The captain of this T20 team, Imran would have been the perfect batsman at no. 7. He was capable of handling a crisis, thanks to a strong technique and an even stronger mind, and equally capable of destroying a bowling attack with his big hitting. As a bowler Imran was not only quick but could swing the ball as well, with lethal yorkers in his armory which are crucial in the T20 format.

8. Moin Khan

We were blessed to have two world class wicketkeeper-batsmen during the same era: Moin Khan and Rashid Latif (perhaps this is why we were cursed with the Akmals later to balance the scales). Although both Khan and Latif would have made great T20 players, Khan, the lesser keeper, has the edge with his explosive batting.
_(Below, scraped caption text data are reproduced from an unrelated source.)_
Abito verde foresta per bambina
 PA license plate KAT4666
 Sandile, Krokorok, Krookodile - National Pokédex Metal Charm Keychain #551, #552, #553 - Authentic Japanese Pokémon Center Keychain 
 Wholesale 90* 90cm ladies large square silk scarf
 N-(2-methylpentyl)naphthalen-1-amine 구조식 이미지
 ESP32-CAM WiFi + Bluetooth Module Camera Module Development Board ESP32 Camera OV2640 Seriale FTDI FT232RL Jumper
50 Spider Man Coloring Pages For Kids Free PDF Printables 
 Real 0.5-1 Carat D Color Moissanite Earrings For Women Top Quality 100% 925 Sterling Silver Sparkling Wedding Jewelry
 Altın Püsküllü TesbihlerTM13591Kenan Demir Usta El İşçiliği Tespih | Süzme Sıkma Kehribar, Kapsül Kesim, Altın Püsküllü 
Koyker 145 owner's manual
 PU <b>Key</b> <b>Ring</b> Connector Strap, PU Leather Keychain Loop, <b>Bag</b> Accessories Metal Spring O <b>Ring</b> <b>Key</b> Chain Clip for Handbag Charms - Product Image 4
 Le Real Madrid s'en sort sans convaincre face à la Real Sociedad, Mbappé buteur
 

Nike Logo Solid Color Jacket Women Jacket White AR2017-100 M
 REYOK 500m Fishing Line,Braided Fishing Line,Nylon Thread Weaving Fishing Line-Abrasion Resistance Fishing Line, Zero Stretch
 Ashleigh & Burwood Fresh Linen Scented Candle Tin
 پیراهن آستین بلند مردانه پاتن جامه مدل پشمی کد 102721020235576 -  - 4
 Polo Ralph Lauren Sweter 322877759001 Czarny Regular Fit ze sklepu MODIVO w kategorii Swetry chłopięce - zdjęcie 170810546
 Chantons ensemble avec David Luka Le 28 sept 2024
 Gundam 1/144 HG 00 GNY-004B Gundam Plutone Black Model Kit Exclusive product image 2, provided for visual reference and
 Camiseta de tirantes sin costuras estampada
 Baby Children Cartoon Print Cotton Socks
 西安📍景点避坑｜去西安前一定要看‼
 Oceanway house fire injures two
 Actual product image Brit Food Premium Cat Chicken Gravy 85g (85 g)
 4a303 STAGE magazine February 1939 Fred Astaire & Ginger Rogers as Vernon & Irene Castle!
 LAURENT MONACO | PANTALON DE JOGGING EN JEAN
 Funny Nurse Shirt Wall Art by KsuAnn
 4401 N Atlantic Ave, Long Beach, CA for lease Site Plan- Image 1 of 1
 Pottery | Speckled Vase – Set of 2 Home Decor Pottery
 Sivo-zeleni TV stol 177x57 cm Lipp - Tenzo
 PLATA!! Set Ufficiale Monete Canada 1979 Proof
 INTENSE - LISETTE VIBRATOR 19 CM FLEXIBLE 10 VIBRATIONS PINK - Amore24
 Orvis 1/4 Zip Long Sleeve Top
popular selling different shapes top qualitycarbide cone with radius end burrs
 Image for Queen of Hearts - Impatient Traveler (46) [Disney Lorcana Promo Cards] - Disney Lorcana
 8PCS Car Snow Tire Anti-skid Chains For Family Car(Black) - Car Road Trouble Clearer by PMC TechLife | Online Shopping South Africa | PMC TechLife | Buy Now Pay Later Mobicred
A man for a crisis, Khan has clubbed many sixes for Pakistan over the years, but the one his fans will remember with the most fondness is the hit he smashed against New Zealand in the 1992 World Cup semifinal.

He swept sixes off Allan Donald and Glenn McGrath in the 1999 World Cup, a shot Sarfraz Ahmed so effectively plays now.

9. Wasim Akram

This man was a genius, and would have been the king of T20 cricket; easily the most sought after signing for any T20 league. Akram began his career during a time when speed guns were not the norm, but was said to be as fast as anyone. Later, he would cut down his pace, possibly to endure the level of non-stop limited overs cricket Pakistan was playing, and made up for it with deadly accuracy and guile. As a fast bowler who could swing it both ways and bowl lethal bouncers and yorkers at will, that too off a short run up, Akram would have been a diamond in T20 cricket. Few batsmen ever had the better of Akram, and his miserly economy rate would have been priceless in this format. What’s more, Akram could hit the ball as hard as anyone, which is an important characteristic for a late order T20 batsman.

10. Saqlain Mushtaq

Few slow bowlers would dare bowl in the later stages of the of a limited overs game until 'Saqi' came along. Saqlain could play both the role of a container and a wicket taker. His doosra would have made him unique in the T20 format, especially since he would be the only one bowling with a clean action after an ICC crackdown.

11. Waqar Younis

Growing up, Waqar Younis was my favorite cricketer. In his prime, no bowler was greater, not Marshal, not Lillee, not Akhtar, not even Akram.

Not only was Waqar bowling faster than 150km/h, he was swinging the ball like a banana, and was impossible to play. At his peak, his strike rate was streets ahead of other bowlers. While Akram was dangerous enough to remove a number of top order batsmen, Waqar would run through the middle and later order, achieving victories which felt magical.

His inswinging toe crushing yorker was delivered at pinpoint accuracy, and it would have made him a star in T20 cricket.

After losing his pace due to injury, Waqar compensated with swing and accuracy. In a nutshell, Waqar was Lasith Malinga times 20.